From: James Houghton <jthoughton@google.com>
To: Mike Kravetz <mike.kravetz@oracle.com>
Cc: Muchun Song <songmuchun@bytedance.com>,
Peter Xu <peterx@redhat.com>,
David Hildenbrand <david@redhat.com>,
David Rientjes <rientjes@google.com>,
Axel Rasmussen <axelrasmussen@google.com>,
Mina Almasry <almasrymina@google.com>,
"Zach O'Keefe" <zokeefe@google.com>,
Manish Mishra <manish.mishra@nutanix.com>,
Naoya Horiguchi <naoya.horiguchi@nec.com>,
"Dr . David Alan Gilbert" <dgilbert@redhat.com>,
"Matthew Wilcox (Oracle)" <willy@infradead.org>,
Vlastimil Babka <vbabka@suse.cz>,
Baolin Wang <baolin.wang@linux.alibaba.com>,
Miaohe Lin <linmiaohe@huawei.com>,
Yang Shi <shy828301@gmail.com>,
Andrew Morton <akpm@linux-foundation.org>,
linux-mm@kvack.org, linux-kernel@vger.kernel.org
Subject: Re: [RFC PATCH v2 08/47] hugetlb: add HGM enablement functions
Date: Tue, 13 Dec 2022 10:49:32 -0500 [thread overview]

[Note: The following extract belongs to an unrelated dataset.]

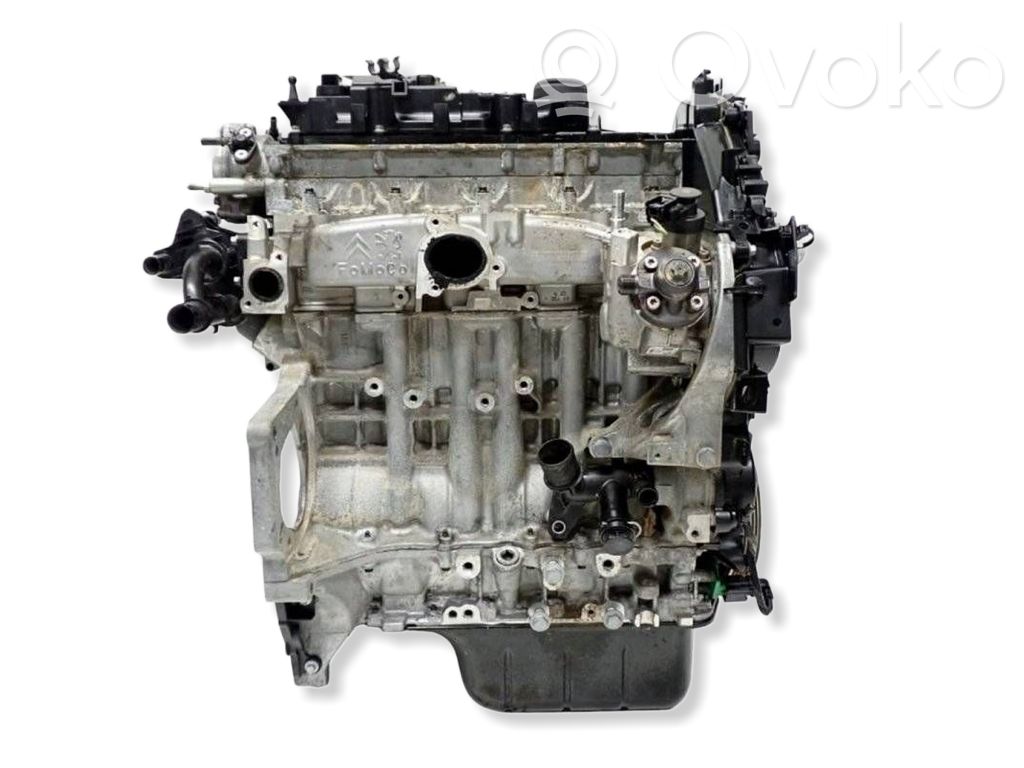 Austauschmotor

Message-ID: <CADrL8HU9sQuh_W3Qx4dvGV44VLYNbt300cpWLU--BqLo3Xxgpw@mail.gmail.com> (raw)
In-Reply-To: <Y5fDwH6XiM808oUM@monkey>
On Mon, Dec 12, 2022 at 7:14 PM Mike Kravetz <mike.kravetz@oracle.com> wrote:
>
> On 10/21/22 16:36, James Houghton wrote:
> > Currently it is possible for all shared VMAs to use HGM, but it must be
> > enabled first. This is because with HGM, we lose PMD sharing, and page
> > table walks require additional synchronization (we need to take the VMA
> > lock).
>
> Not sure yet, but I expect Peter's series will help with locking for
> hugetlb specific page table walks.
It should make things a little bit cleaner in this series; I'll rebase
HGM on top of those patches this week (and hopefully get a v1 out
soon).
I don't think it's possible to implement MADV_COLLAPSE with RCU alone
(as implemented in Peter's series anyway); we still need the VMA lock.
>
> >
> > Signed-off-by: James Houghton <jthoughton@google.com>
> > ---
> > include/linux/hugetlb.h | 22 +++++++++++++
> > mm/hugetlb.c | 69 +++++++++++++++++++++++++++++++++++++++++
> > 2 files changed, 91 insertions(+)
> >
> > diff --git a/include/linux/hugetlb.h b/include/linux/hugetlb.h
> > index 534958499ac4..6e0c36b08a0c 100644
> > --- a/include/linux/hugetlb.h
> > +++ b/include/linux/hugetlb.h
> > @@ -123,6 +123,9 @@ struct hugetlb_vma_lock {
> >
> > struct hugetlb_shared_vma_data {
> > struct hugetlb_vma_lock vma_lock;
> > +#ifdef CONFIG_HUGETLB_HIGH_GRANULARITY_MAPPING
> > + bool hgm_enabled;
> > +#endif
> > };
> >
> > extern struct resv_map *resv_map_alloc(void);
> > @@ -1179,6 +1182,25 @@ static inline void hugetlb_unregister_node(struct node *node)
> > }
> > #endif /* CONFIG_HUGETLB_PAGE */
> >
> > +#ifdef CONFIG_HUGETLB_HIGH_GRANULARITY_MAPPING
> > +bool hugetlb_hgm_enabled(struct vm_area_struct *vma);
> > +bool hugetlb_hgm_eligible(struct vm_area_struct *vma);
> > +int enable_hugetlb_hgm(struct vm_area_struct *vma);
> > +#else
> > +static inline bool hugetlb_hgm_enabled(struct vm_area_struct *vma)
> > +{
> > + return false;
> > +}
> > +static inline bool hugetlb_hgm_eligible(struct vm_area_struct *vma)
> > +{
> > + return false;
> > +}
> > +static inline int enable_hugetlb_hgm(struct vm_area_struct *vma)
> > +{
> > + return -EINVAL;
> > +}
> > +#endif
> > +
> > static inline spinlock_t *huge_pte_lock(struct hstate *h,
> > struct mm_struct *mm, pte_t *pte)
> > {
> > diff --git a/mm/hugetlb.c b/mm/hugetlb.c
> > index 5ae8bc8c928e..a18143add956 100644
> > --- a/mm/hugetlb.c
> > +++ b/mm/hugetlb.c
> > @@ -6840,6 +6840,10 @@ static bool pmd_sharing_possible(struct vm_area_struct *vma)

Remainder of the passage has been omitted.